**Exercise brief**: Word for word, transcribe the lines from the one containing "Tweedekans SanDisk Extreme" through the end of the entries, both included, and nothing else.
*** Entries shown ***
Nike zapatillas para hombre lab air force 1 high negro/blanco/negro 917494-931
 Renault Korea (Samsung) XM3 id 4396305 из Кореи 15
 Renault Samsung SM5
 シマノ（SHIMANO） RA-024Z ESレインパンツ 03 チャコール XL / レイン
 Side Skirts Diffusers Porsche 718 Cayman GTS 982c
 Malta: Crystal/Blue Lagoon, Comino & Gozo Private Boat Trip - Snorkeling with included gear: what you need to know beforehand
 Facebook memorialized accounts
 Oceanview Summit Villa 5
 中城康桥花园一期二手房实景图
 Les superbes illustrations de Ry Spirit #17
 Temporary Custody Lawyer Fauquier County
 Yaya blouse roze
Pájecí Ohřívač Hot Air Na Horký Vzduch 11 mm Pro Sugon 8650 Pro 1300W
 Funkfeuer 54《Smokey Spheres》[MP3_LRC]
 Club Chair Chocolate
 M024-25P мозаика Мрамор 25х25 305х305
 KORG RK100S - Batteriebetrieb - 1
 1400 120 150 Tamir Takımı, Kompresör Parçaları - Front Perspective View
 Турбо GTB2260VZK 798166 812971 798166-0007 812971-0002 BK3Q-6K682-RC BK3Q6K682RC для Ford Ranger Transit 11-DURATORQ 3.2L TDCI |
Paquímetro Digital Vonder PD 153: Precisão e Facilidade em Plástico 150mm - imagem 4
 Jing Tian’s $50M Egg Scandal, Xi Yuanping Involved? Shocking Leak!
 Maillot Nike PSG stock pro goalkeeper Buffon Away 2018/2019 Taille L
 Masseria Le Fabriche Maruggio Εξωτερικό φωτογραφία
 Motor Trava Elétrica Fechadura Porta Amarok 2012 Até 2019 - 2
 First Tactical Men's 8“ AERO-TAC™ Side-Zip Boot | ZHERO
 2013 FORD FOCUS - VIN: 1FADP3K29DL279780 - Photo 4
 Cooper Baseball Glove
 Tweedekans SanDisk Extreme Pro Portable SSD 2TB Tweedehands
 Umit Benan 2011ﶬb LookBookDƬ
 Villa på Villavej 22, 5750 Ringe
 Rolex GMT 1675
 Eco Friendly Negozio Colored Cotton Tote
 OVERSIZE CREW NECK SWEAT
*** End of Entries shown ***
**Reply to the exercise**:
 Tweedekans SanDisk Extreme Pro Portable SSD 2TB Tweedehands
 Umit Benan 2011ﶬb LookBookDƬ
 Villa på Villavej 22, 5750 Ringe
 Rolex GMT 1675
 Eco Friendly Negozio Colored Cotton Tote
 OVERSIZE CREW NECK SWEAT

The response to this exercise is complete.